There’s quotable stuff like this on almost every page! I love personal accounts of communal projects since there is always something to be learned. What did I get from this one? Well, more interesting for me than the account of failed free love is the money sharing, since whilst people are still winding themselves up in knots over polyamory as I type this, I don’t see very much discussion at all about pooling capital nowadays. Why don’t projects do this any more? What does that say about the way things are going that it doesn’t even seem like a serious option, even in hard left projects? I’m not talking about having a communal kitty here, but rather pooling all income (in whatever form) into one account to be shared by all.

The book was good on how people who turn up just on short visits can be rather smug and annoying — walking around saying how amazing the place is at the same time as messing up the compost system, or telling everyone how they should do things in meetings, or spending a long time explaining why they wanted to live there but in fact they simply couldn’t.

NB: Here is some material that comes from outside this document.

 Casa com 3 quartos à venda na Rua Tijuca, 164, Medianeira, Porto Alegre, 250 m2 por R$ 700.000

That all seemed very familiar.

Intentional communities in my experience never tend to be that intentional. Other great books on related themes would include On a spaceship with Beelzebub — By a grandson of Gurdjieff by David Kherdian about a cult, The Lime Green Mystery: An oral history of the Centerprise co-operative about the long-running project on Kingsland Road in Dalston and George F’s Total Shambles about squatting in London.

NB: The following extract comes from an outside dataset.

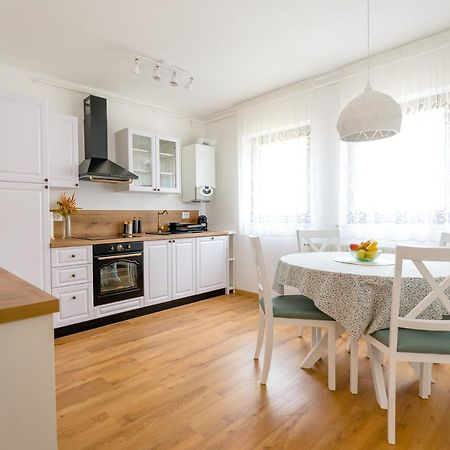 Tonka Apartment Пула Екстериор снимка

Otherwise, I simply enjoyed reading about the frustrations and joys of collective living. It’s always the same shit: endless meetings where nothing gets decided, frequent interpersonal fallouts, the inability of pretty much anyone to really hear where someone else is coming from.

So is this book a good advert for communal living? Probably not although it does sound like the kids had a lot of fun. And yet co-operatives continue to interest me a lot as a tactic against the prioritisation of selfish individual needs. I was at Laurieston a few years ago and it seemed to have eventually settled down into a successful if rather insular group where everyone very much had their own personal living space, yet they were experiencing a new form of existential crisis. For some (having pooled money way back when), there were no financial means to escape the project as they became elderly. Let’s remember that these revolutionaries from the 1970s are not getting any younger. They now need new blood to keep the fires burning!